Data listing
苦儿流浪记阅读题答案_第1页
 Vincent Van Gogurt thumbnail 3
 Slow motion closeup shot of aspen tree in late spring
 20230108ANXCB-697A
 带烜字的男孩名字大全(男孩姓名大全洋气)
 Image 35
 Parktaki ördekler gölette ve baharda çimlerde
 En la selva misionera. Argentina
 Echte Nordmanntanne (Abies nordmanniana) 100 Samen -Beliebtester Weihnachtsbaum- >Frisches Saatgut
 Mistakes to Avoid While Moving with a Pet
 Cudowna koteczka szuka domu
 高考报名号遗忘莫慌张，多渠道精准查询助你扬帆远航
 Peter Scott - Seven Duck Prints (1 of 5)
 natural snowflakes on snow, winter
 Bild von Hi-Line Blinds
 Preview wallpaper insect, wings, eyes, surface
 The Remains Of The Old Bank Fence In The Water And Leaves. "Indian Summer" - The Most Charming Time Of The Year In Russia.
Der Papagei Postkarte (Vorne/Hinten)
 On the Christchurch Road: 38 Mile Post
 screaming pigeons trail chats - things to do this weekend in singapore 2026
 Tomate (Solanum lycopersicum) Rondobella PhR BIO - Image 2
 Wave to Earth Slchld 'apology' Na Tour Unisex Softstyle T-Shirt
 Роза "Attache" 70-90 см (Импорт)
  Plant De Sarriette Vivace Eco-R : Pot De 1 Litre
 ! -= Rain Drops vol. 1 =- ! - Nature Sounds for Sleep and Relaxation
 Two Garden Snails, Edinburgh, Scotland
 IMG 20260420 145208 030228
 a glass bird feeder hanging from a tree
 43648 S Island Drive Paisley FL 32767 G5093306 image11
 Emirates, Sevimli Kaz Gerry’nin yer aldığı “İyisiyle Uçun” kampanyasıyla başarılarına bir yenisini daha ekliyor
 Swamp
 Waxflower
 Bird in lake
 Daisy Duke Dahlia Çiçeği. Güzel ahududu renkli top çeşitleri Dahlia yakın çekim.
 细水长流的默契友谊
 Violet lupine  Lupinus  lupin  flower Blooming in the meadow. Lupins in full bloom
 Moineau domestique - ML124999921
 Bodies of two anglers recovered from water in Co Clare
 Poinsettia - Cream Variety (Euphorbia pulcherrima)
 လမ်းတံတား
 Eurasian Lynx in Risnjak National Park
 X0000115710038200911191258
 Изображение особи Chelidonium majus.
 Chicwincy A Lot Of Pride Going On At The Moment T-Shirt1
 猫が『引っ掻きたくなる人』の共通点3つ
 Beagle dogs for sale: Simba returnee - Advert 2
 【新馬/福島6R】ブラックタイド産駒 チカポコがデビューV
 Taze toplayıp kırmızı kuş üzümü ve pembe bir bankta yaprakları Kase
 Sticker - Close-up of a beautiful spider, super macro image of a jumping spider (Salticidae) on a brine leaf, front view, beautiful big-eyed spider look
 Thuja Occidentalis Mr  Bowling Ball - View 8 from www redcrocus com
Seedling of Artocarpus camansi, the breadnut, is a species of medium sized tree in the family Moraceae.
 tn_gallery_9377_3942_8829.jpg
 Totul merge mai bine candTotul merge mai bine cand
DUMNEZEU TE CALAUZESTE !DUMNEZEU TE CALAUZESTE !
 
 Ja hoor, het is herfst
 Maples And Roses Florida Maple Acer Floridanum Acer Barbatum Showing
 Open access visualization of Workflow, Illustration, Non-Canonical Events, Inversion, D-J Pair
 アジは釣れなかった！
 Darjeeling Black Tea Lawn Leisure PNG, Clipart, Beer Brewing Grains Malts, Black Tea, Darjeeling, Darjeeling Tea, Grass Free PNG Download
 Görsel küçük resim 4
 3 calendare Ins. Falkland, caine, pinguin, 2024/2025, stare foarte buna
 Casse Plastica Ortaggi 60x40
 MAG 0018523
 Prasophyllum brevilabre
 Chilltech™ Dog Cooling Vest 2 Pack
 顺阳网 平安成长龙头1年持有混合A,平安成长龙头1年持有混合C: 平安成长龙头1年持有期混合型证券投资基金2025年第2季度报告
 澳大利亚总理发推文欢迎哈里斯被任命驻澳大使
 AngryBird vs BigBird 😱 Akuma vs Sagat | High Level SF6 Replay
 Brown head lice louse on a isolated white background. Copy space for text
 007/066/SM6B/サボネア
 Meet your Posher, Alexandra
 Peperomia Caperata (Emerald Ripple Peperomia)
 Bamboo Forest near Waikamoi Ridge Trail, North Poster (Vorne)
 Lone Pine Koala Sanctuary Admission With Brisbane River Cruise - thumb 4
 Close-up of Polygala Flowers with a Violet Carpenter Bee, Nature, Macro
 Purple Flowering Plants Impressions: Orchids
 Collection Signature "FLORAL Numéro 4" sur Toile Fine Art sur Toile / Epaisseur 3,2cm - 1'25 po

What needs to be done
Only one stretch of the entries above is wanted: the lines from the one containing "Plant De Sarriette" through the one containing "a glass bird feeder hanging from a tree". Please reproduce it exactly.

Task answer
  Plant De Sarriette Vivace Eco-R : Pot De 1 Litre
 ! -= Rain Drops vol. 1 =- ! - Nature Sounds for Sleep and Relaxation
 Two Garden Snails, Edinburgh, Scotland
 IMG 20260420 145208 030228
 a glass bird feeder hanging from a tree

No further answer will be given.